Stored data:
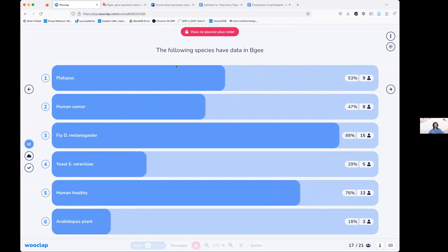Thank you for the votes. You were all correct that there is fly and healthy human data, and there is also platypus. This is important — we don't restrict ourselves to classic model organisms. When there is sufficient data in a non-model species of interest for evolutionary or biological questions, we include it. We do not have yeast and we do not have Arabidopsis — BG is restricted to animals.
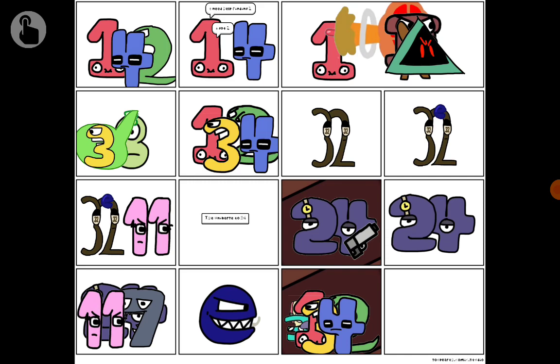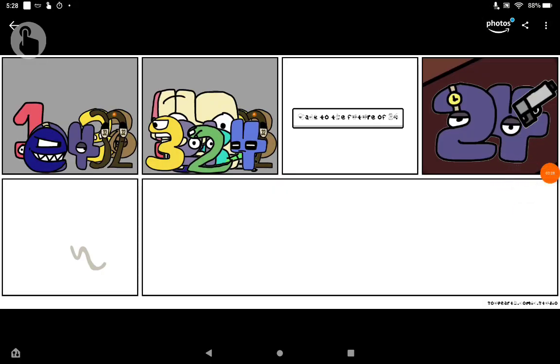I got three. I need help finding three, three, thirty-two. The universe to twenty-four, twenty-four. Do you want to see this preview? Back to the future of twenty-four.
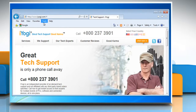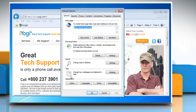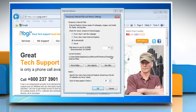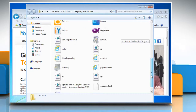Click on Tools and then click Internet Options. On the General tab, under Browsing History, click Settings. In the Settings dialog box, click View Files to view temporary internet files.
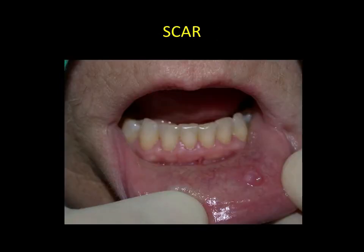Scars. In most cases, scars are secondary to a surgical procedure or trauma. This scar was caused by a biopsy performed with a punch.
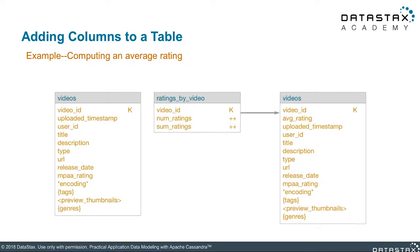Finally, let's take a look at adding new columns to a table. This is straightforward since you just need to alter the current table to include your new columns, so long as the new columns do not need to be in the primary key. In our example, this is a scenario where we want to compute and save the average rating of a video. We have the original videos table, as well as a ratings by video table with the count and sum of the ratings for each video. All we need to do is alter the table to include our new average rating column, so that the calculated average rating can then be updated for the video.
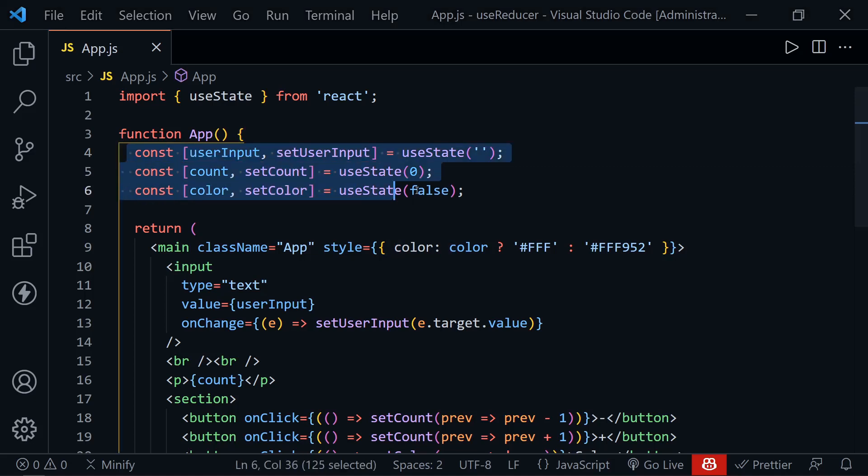Can you manage state in React without the useState hook? Of course you can. Let me introduce you to the useReducer hook.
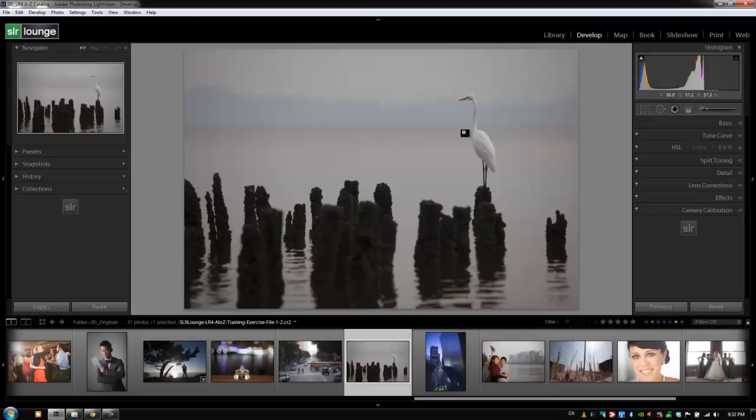Hey guys, this is Post-Production Pi with SLR Lounge. All right guys, we're going to move on to the effects panel, and I've loaded up exercise file 1-2 just for our example file.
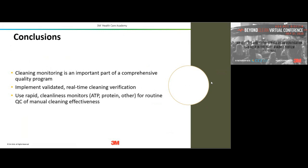Q&A: How many CFU do you need for the ATP system to detect? ATP is not detecting CFU — it's detecting overall clinical soil. There have been studies showing you can have very low levels of CFU below the ATP system's detection threshold. And there have also been situations with extremely high CFU levels where the ATP test came back and passed. ATP is simply not measuring specific CFU — keep in mind, it measures total organic soil, not individual microbial counts.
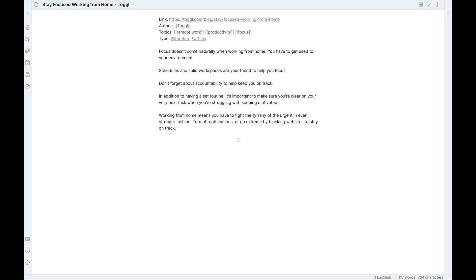Hey folks, Justin with Effective Remote Work here. Last week we talked about how I take a blog post or article that I have consumed and convert that into a sort of literature note that lives inside of Obsidian.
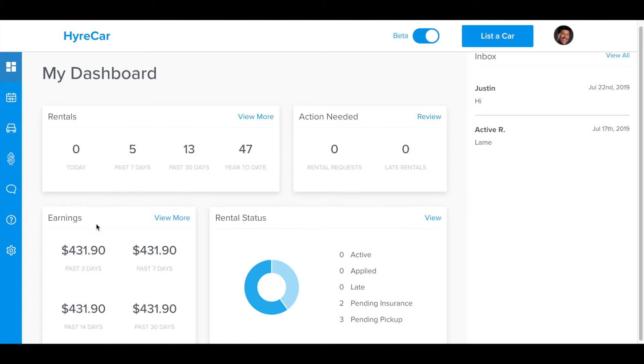Down in the bottom left you get to monitor your earnings, and in the bottom right you get to monitor the rental statuses of your vehicles.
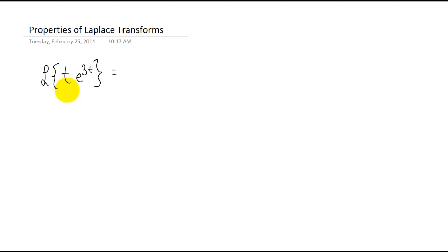Hey everybody. In class we did a lot of work with Laplace transforms, and we even used a Laplace transform to solve a differential equation. In this video what I'd like to do is work a little bit more with finding Laplace transforms, and I'd like to introduce a couple of properties of Laplace transforms to help with that.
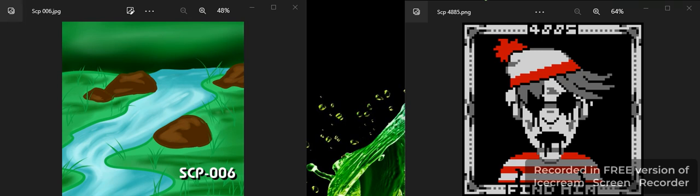Welcome everyone! Welcome here to my video Debates on SCP-006, the Fountain of Youth versus SCP-4885, Waldo.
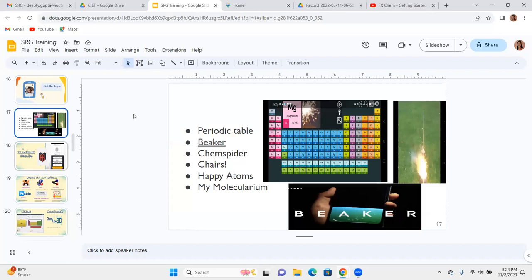Some mobile apps specifically for chemistry: the Periodic Table app is free and lets you explore every element — its atomic number, mass number, electron activity, and behavior — along with a video showing the element's chemical reactions with water or air. Similarly, the One Beaker app uses your mobile phone as a virtual beaker for chemical reactions.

▶ [WORK REQUEST]
Every entry above should be restated word for word, with the images left out.

▶ [RESPONSE BELOW]
Thank you for the votes. You were all correct that there is fly and healthy human data, and there is also platypus. This is important — we don't restrict ourselves to classic model organisms. When there is sufficient data in a non-model species of interest for evolutionary or biological questions, we include it. We do not have yeast and we do not have Arabidopsis — BG is restricted to animals.
I got three. I need help finding three, three, thirty-two. The universe to twenty-four, twenty-four. Do you want to see this preview? Back to the future of twenty-four.
Click on Tools and then click Internet Options. On the General tab, under Browsing History, click Settings. In the Settings dialog box, click View Files to view temporary internet files.
Scars. In most cases, scars are secondary to a surgical procedure or trauma. This scar was caused by a biopsy performed with a punch.
Finally, let's take a look at adding new columns to a table. This is straightforward since you just need to alter the current table to include your new columns, so long as the new columns do not need to be in the primary key. In our example, this is a scenario where we want to compute and save the average rating of a video. We have the original videos table, as well as a ratings by video table with the count and sum of the ratings for each video. All we need to do is alter the table to include our new average rating column, so that the calculated average rating can then be updated for the video.
Can you manage state in React without the useState hook? Of course you can. Let me introduce you to the useReducer hook.
Hey guys, this is Post-Production Pi with SLR Lounge. All right guys, we're going to move on to the effects panel, and I've loaded up exercise file 1-2 just for our example file.
Q&A: How many CFU do you need for the ATP system to detect? ATP is not detecting CFU — it's detecting overall clinical soil. There have been studies showing you can have very low levels of CFU below the ATP system's detection threshold. And there have also been situations with extremely high CFU levels where the ATP test came back and passed. ATP is simply not measuring specific CFU — keep in mind, it measures total organic soil, not individual microbial counts.
Hey folks, Justin with Effective Remote Work here. Last week we talked about how I take a blog post or article that I have consumed and convert that into a sort of literature note that lives inside of Obsidian.
Down in the bottom left you get to monitor your earnings, and in the bottom right you get to monitor the rental statuses of your vehicles.
Hey everybody. In class we did a lot of work with Laplace transforms, and we even used a Laplace transform to solve a differential equation. In this video what I'd like to do is work a little bit more with finding Laplace transforms, and I'd like to introduce a couple of properties of Laplace transforms to help with that.
Welcome everyone! Welcome here to my video Debates on SCP-006, the Fountain of Youth versus SCP-4885, Waldo.
Some mobile apps specifically for chemistry: the Periodic Table app is free and lets you explore every element — its atomic number, mass number, electron activity, and behavior — along with a video showing the element's chemical reactions with water or air. Similarly, the One Beaker app uses your mobile phone as a virtual beaker for chemical reactions.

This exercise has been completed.